Article additionnel après l'article 7 - Rapport sur la bande côtière
Cet article concerne la bande côtière.
Du fait de sa proximité et de l'intérêt vital qu'elle a toujours représenté pour les communautés littorales, la mer côtière a de tout temps suscité un fort sentiment d'appartenance. Le retour à la côte des gros chalutiers en mal de ressource et la conversion galopante de nombreuses flottilles au métier du filet n'ont fait qu'exacerber les tensions. La bande côtière, en tant que bien collectif libre d'accès était par définition difficile à gérer du fait de sa potentialité, devenue trop faible pour admettre sur une même zone la cohabitation de métiers aux techniques incompatibles.
La bande côtière n'est pas une et indivisible. Par ailleurs, la configuration du site est un facteur important de vulnérabilité des eaux.

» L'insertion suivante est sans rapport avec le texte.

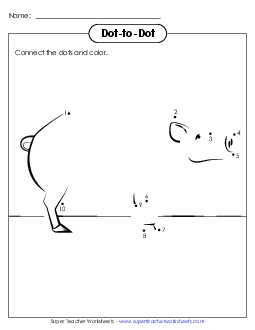 Dot-to-Dot: Pig Counting Worksheet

Or, la notion de bande côtière est inexistante en droit. Seule la limite des 12 milles retient l'attention du juriste : c'est la limite des eaux territoriales. La question de la gestion à l'intérieur de cette zone est, pour cette raison, souvent isolée de celle, plus générale, de l'ensemble de la Zone économique exclusive française. D'une part, parce que ses eaux sont réputées riches, fragiles et convoitées à la fois mais surtout parce que cette bande côtière bénéficie, en droit communautaire, d'un statut particulier en matière d'accès la ressource. Il convient cependant d'être clair sur le sujet : le droit communautaire ne retient le particularisme de la bande côtière qu'en ce qui concerne l'accès des autres États membres (article 6 du Règlement CEE n° 3760/92 du 20 décembre 1992). En revanche, le régime communautaire de gestion et de conservation des ressources a vocation à s'appliquer à cet espace comme dans le reste de la ZEE.

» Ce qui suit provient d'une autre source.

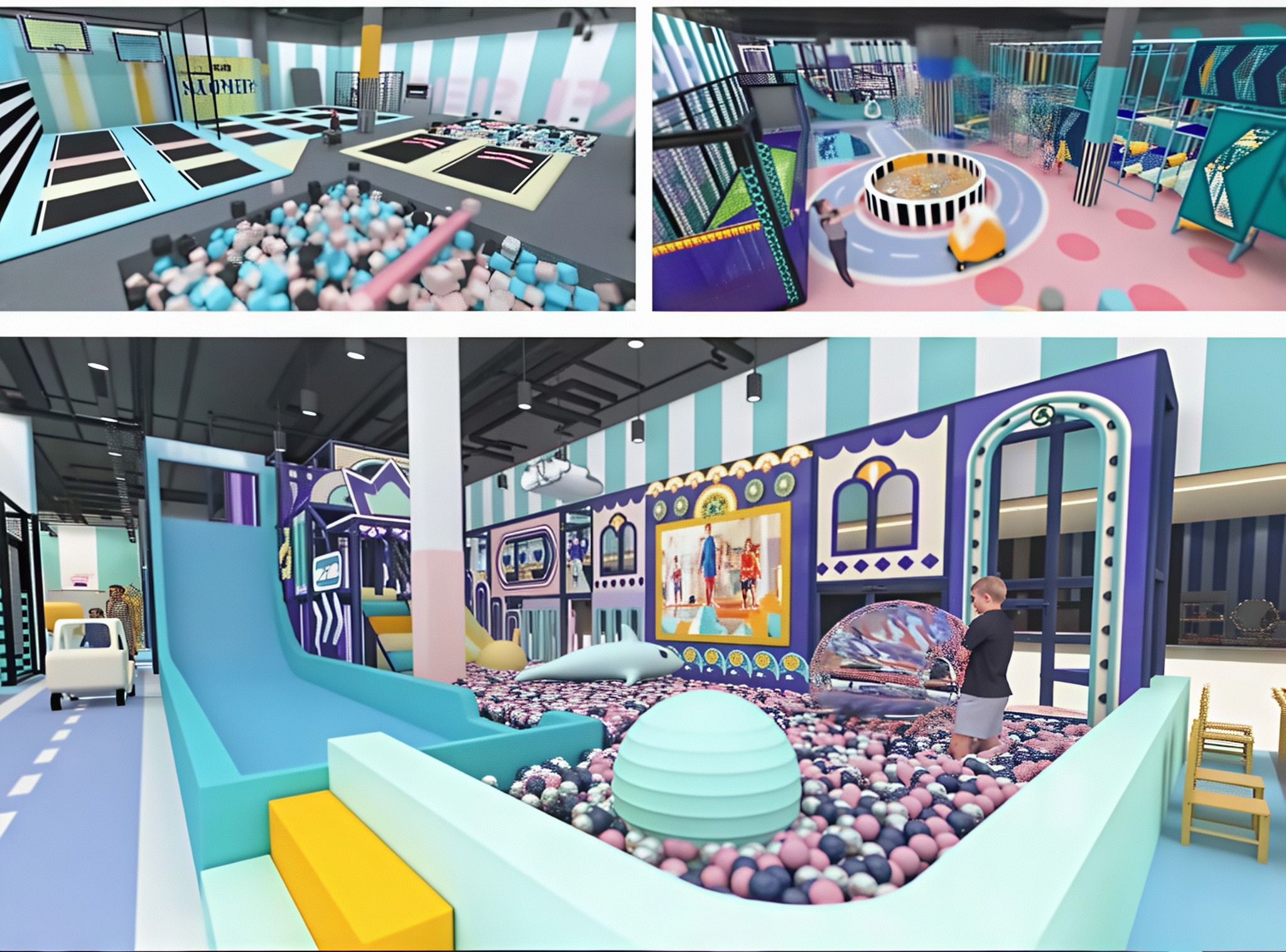 Interior amusement park design illustration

En 1970, les six premiers États membres de la CEE ont décidé de communautariser leurs eaux. Ils ont exclu toutefois de ce processus une bande littorale de 6 milles, réservée à leurs nationaux. En 1983, le statut dérogatoire de la bande côtière est maintenu et l'étendue des eaux territoriales passe à 12 milles, et ce jusqu'en 2002, entretenant ainsi la confusion entre les notions de bande côtière et mer territoriale. Des pêcheurs d'autres États membres sont toutefois admis à exercer leur activité dans ces 12 milles sur la base d'accords de voisinage ou de « droits historiques .

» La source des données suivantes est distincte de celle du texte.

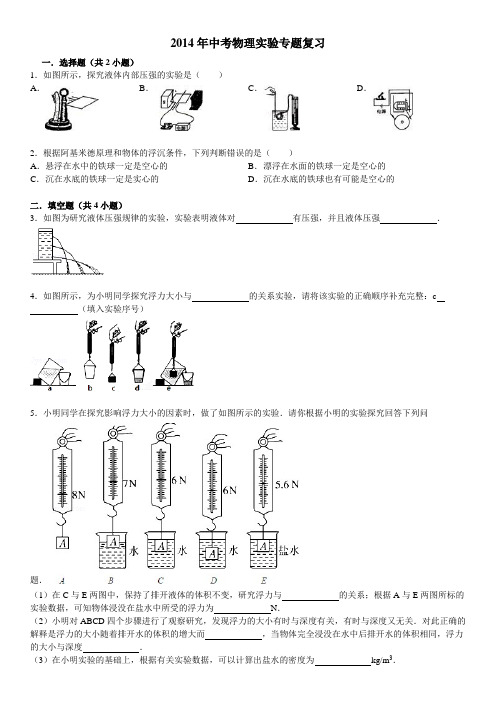 2014年中考物理实验专题复习(含答案)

Ce régime dérogatoire n'a pas fait l'objet de révision.
La bande côtière constitue donc une zone, avec celle des 12 milles, particulièrement sensible pour la gestion de la ressource, où se concentre la majeure partie de la flottille. Surexploitation, conflits entre métiers, non-respect de la réglementation sont les questions qui reviennent le plus souvent.
La mise à plat des règlements, souvent anciens et inadaptés, paraît nécessaire à l'élaboration de nouveaux textes prenant en compte des objectifs de protection d'une zone sensible et de cohabitation des métiers, et à la réalisation de contrôles rigoureux de la zone.
Cependant si les problèmes sont bien identifiés, les solutions ne font pas l'objet d'un consensus. Un travail de réflexion et d'approfondissement apparaît nécessaire qui ne peut être mené à bien dans les délais impartis pour la présentation du projet de loi d'orientation.
Dès lors, il est proposé de prévoir dans la loi, le principe de la présentation, dans un délai de deux ans, d'un rapport par le Gouvernement. Ce délai permettra d'étudier en concertation étroite avec les professionnels les moyens de remédier aux difficultés actuelles et en même temps de préparer la renégociation du règlement communautaire qui interviendra avant l'échéance de 2002.
Au-delà, cette réflexion pourrait s'étendre à la gestion intégrée de la zone côtière, prônée par l'Union Européenne, et prenant en compte sa fragilité et les risques d'interactions avec les autres activités littorales.
Votre commission vous propose d'adopter l'article additionnel après l'article 7.